Learning Functional Programming, Part One
Part One: Lambdas? In my Python?
Over the past few months, I’ve decided to take a stab at learning some functional programming. I’d been doing python for a few years (and completely falling in love with it), and so I’d been exposed to a few functional concepts it offers - primarily higher-order functions and list comprehensions, both of which allow for very clear, concise and powerful code. Since that’s where I started my journey, that’s where my post will begin as well.
Functions are objects, too
Having graduated to python from PHP and C/C++, perhaps the biggest new thing to wrap my head around (besides readable code, whitespace-as-syntax, programming being fun again, and all that), is that in python, functions (and classes!) are objects, just like anything else. They can still be defined in the usual way, but they can also be assigned, passed as arguments, even modified and replaced like any other value or object in your program.
def do_a():
print "Doing something"
do_b = do_a
do_b()
# Prints "Doing something"
Functions themselves no longer require formal definitions, either, they can be created anonymously:
my_send = lambda person, thing: send(person.upper(), thing, subject="Check this out!")
ucase_people = map(lambda name: name.upper(), ["Joe", "Mary", "Zach"])
Abstracting behaviour
You’ll find you can now start abstracting away common idioms. For example, you probably very often find yourself looping over some list of items, performing some set of actions on them, or passing them to some other function or method:
people = ["Joe", "Chris", "Matt", "Jennifer"]
for person in people:
u_person = person.upper()
send(person, super_fun_thing)
Instead of that, you could have a function that takes a list as one argument, and a function to apply to each item in it as another:
def dostuff(action, things):
result = []
for thing in things:
result.append(action(thing))
return result
dostuff(send, people)
The above example is actually just a simple definition of one of the most common higher-order functions, map, which python already provides for you. Another particularly useful higher-order function is filter which, given a function that returns true of false if its criteria are met by the passed item, will return the subset of the passed list that satisfy the filtering function:
stuff = ["My notes.txt", "Matt's notes.txt", "My music.pls"]

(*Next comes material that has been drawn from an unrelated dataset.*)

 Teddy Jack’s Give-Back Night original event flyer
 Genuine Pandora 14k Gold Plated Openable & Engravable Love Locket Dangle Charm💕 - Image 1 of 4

my_stuff = filter(lambda s: s.startswith("My "), stuff)
# my_stuff = ["My notes.txt", "My music.pls"]
List comprehensions provide a cleaner, easier to read way to perform mapping and/or filtering on a list:
stuff = ["My notes.txt", "Matt's notes.txt", "My music.pls"]
my_stuff = [file for file in stuff if file.startswith("My ")]
# ["My notes.txt", "My music.pls"]
upper_stuff = [file.upper() for file in stuff]
# ["MY NOTES.TXT", "MATT'S NOTES.TXT", "MY MUSIC.PLS"]
music = [file.upper() for file in stuff if file.endswith(".pls")]
# ["MY MUSIC.PLS"]
Tip of the iceberg
This is just a very small taste of functional programming concepts. Later, I’ll introduce a couple of functional languages, and explain what sets them apart from object-oriented and imperative programming languages.